━━━ Information provided ━━━
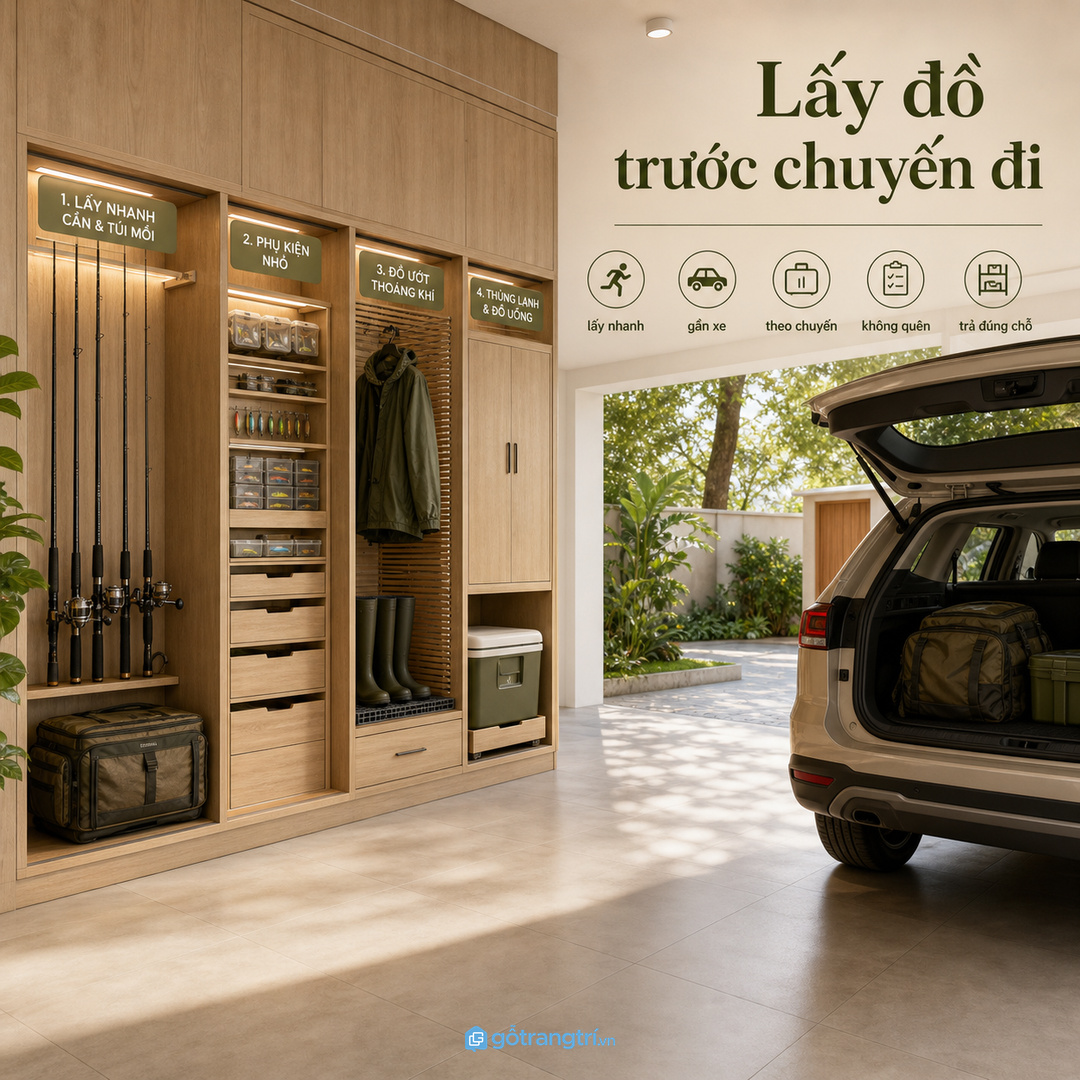 Chia tủ theo tuyến lấy đồ trước chuyến đi giúp thao tác nhanh hơn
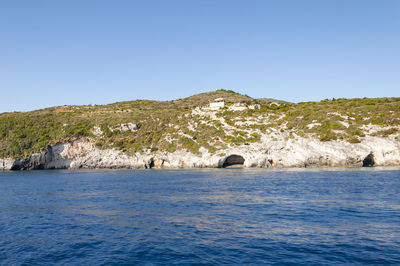 Scenic view of sea against clear blue sky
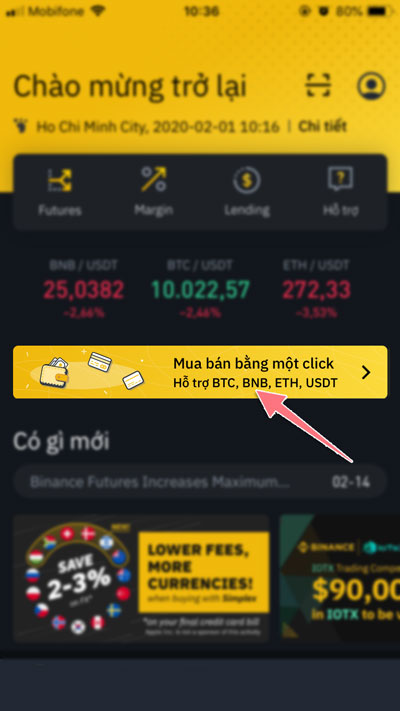 Hướng dẫn mua Coin trên Binance bằng VNĐ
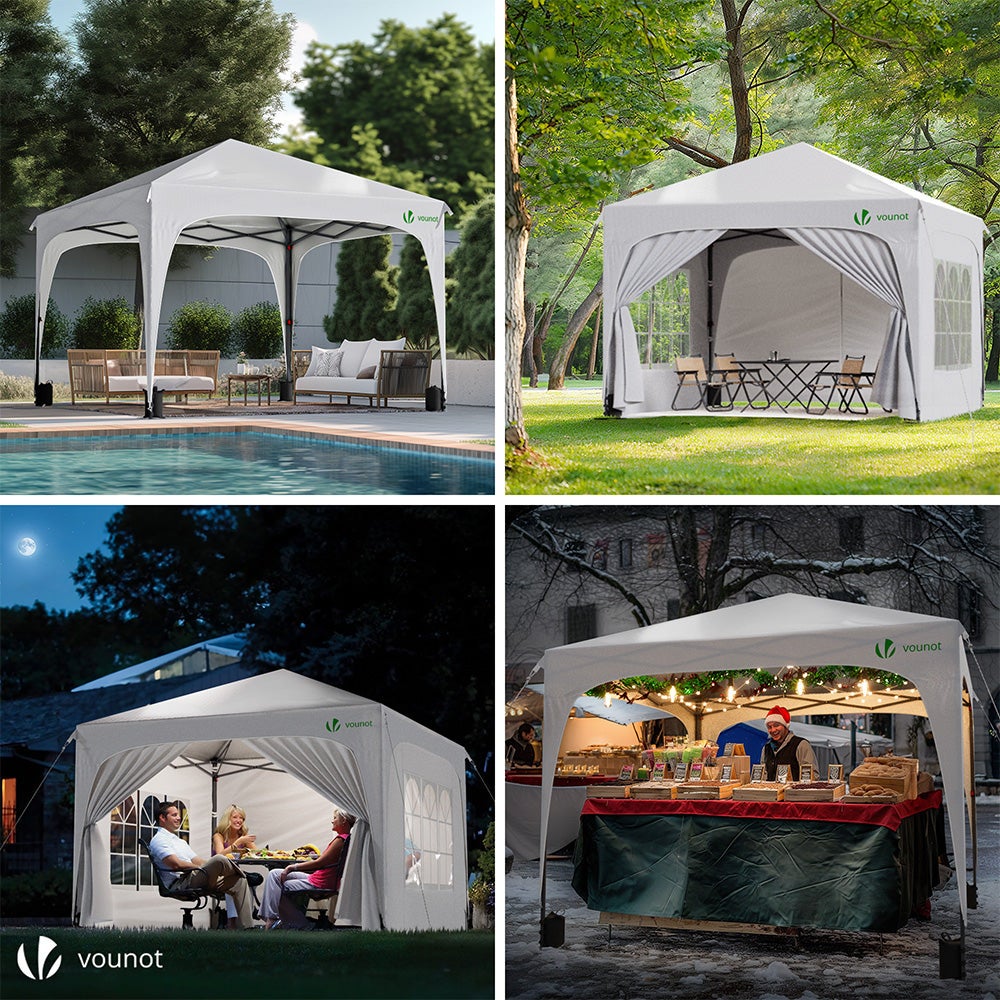 Tonnelle de jardin arquée 3x3m pliable avec porte et fenêtre amovible - Hauteur réglable - Imperméable et anti-UV - Blanc - VOUNOT® - 4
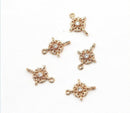 10pcs CZ Pave Flower Charm, 6mm Zircon Flower Connector, Jewelry Making, Material Craft Supplies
━━━
Once the pictures are set aside, write out each record exactly.

 Chia tủ theo tuyến lấy đồ trước chuyến đi giúp thao tác nhanh hơn
 Scenic view of sea against clear blue sky
 Hướng dẫn mua Coin trên Binance bằng VNĐ
 Tonnelle de jardin arquée 3x3m pliable avec porte et fenêtre amovible - Hauteur réglable - Imperméable et anti-UV - Blanc - VOUNOT® - 4
 10pcs CZ Pave Flower Charm, 6mm Zircon Flower Connector, Jewelry Making, Material Craft Supplies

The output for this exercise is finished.